- _Work to complete_
When you return the data, keep every line exactly as it is and leave out the pictures.

[Brief descriptive captions]
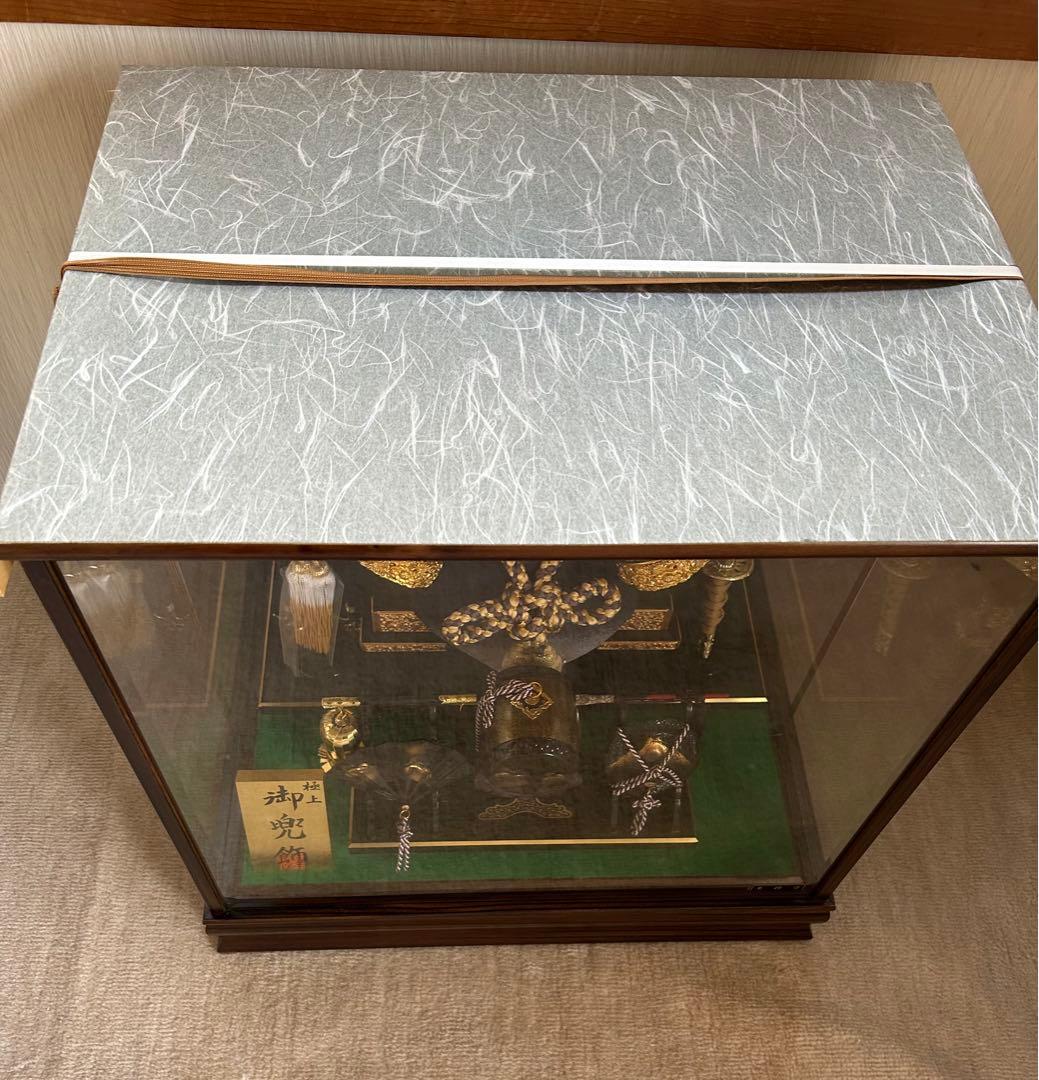 値下げ！五月人形 13号上製御兜飾 黒檀柄／お掃除用、ハタキ付き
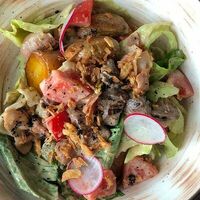 Теплый картофельный салат с мраморной говядиной в Lion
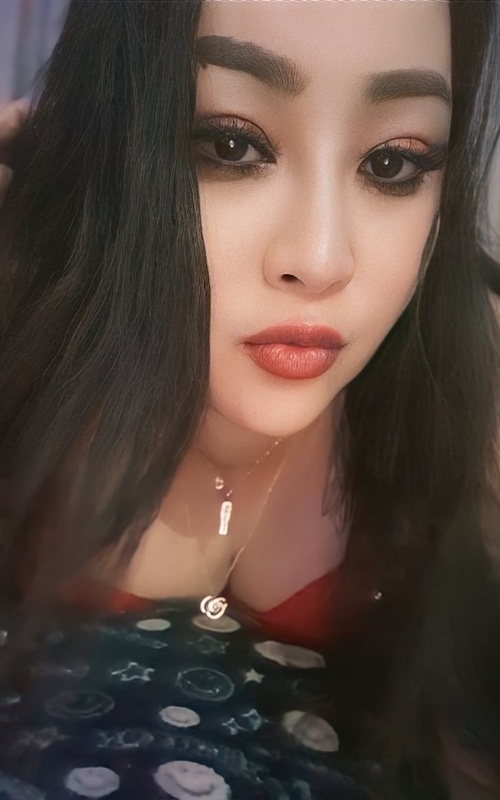 Experience Unforgettable Moments with Lola Velvet’s Charm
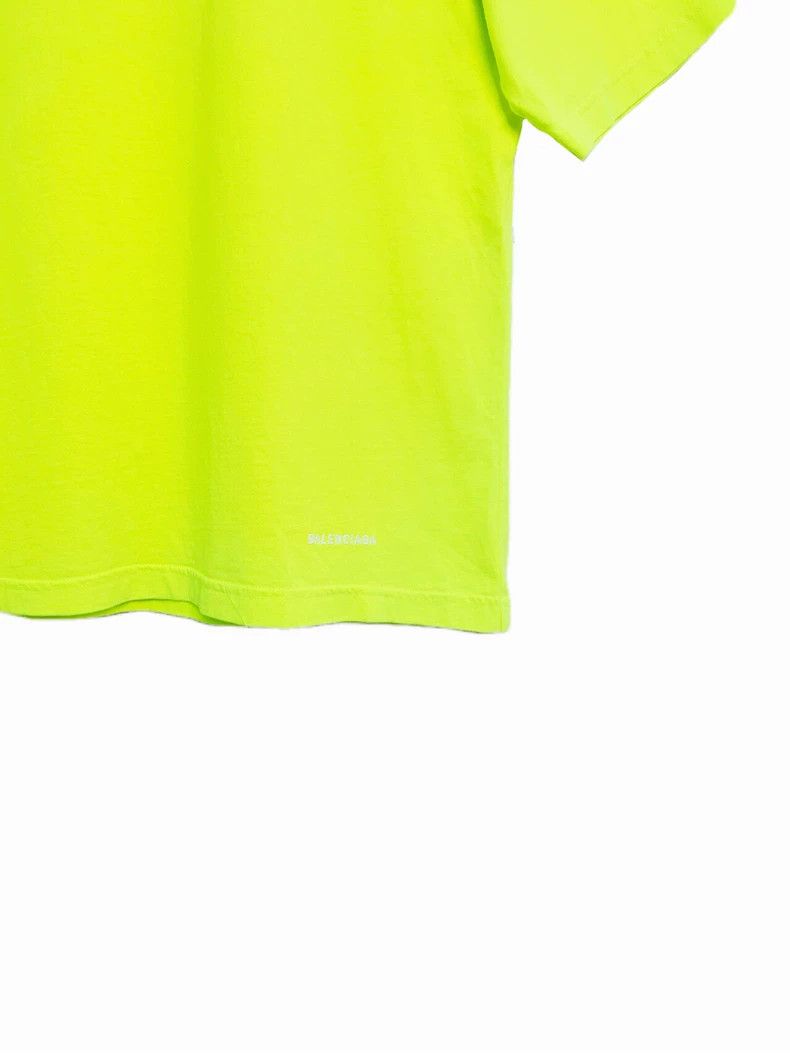 Balenciaga Balenciaga Neon Green Logo Letter Embroidered Crewneck Sho Size US M / EU 48-50 / 2 - 5 Thumbnail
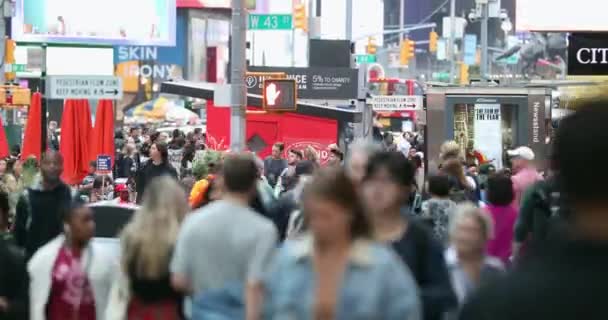 Anonymous Urban Crowd Commuters Unrecognizable Tourists Walking Manhattan Nyc 7Th — Video Stock
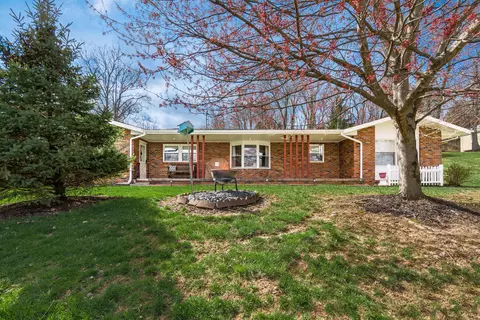 1670 Bryn Mawr Dr, Newark, OH 43055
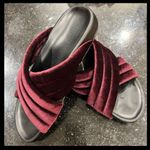 Barney New York Velvet burgundy rose sandals flip Photo 1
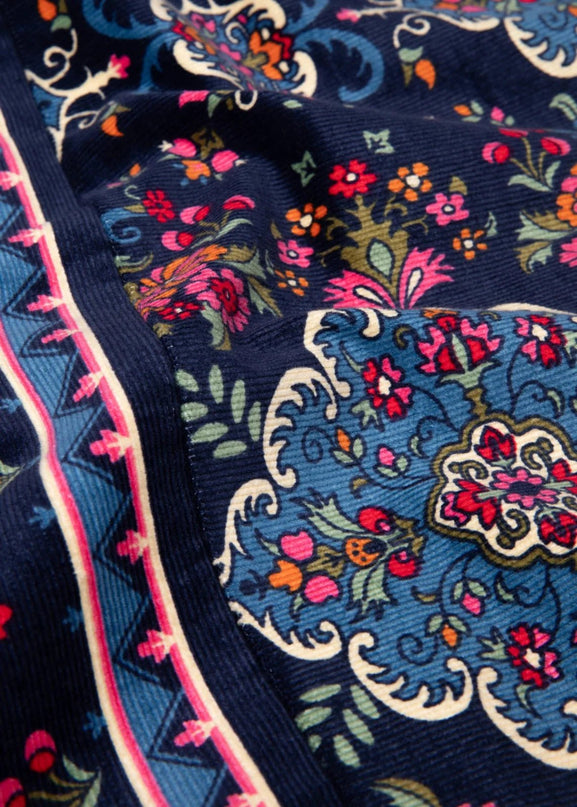 Dreamy Eyes", carpet of history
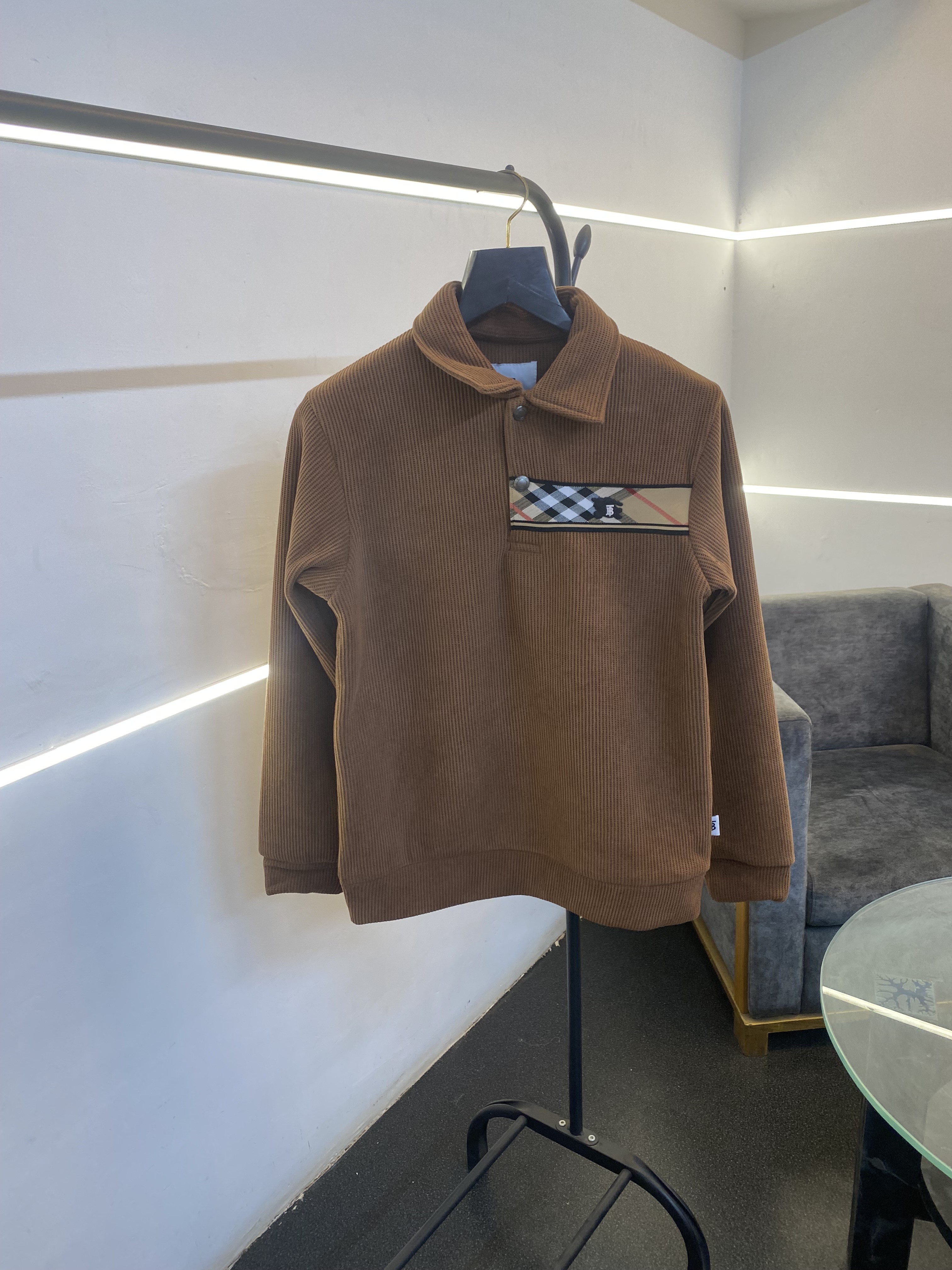 Burbery self knitted imported sweatshirt with brand strip metal logo and brand buttons brown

- _Exercise solution_
 値下げ！五月人形 13号上製御兜飾 黒檀柄／お掃除用、ハタキ付き
 Теплый картофельный салат с мраморной говядиной в Lion
 Experience Unforgettable Moments with Lola Velvet’s Charm
 Balenciaga Balenciaga Neon Green Logo Letter Embroidered Crewneck Sho Size US M / EU 48-50 / 2 - 5 Thumbnail
 Anonymous Urban Crowd Commuters Unrecognizable Tourists Walking Manhattan Nyc 7Th — Video Stock
 1670 Bryn Mawr Dr, Newark, OH 43055
 Barney New York Velvet burgundy rose sandals flip Photo 1
 Dreamy Eyes", carpet of history
 Burbery self knitted imported sweatshirt with brand strip metal logo and brand buttons brown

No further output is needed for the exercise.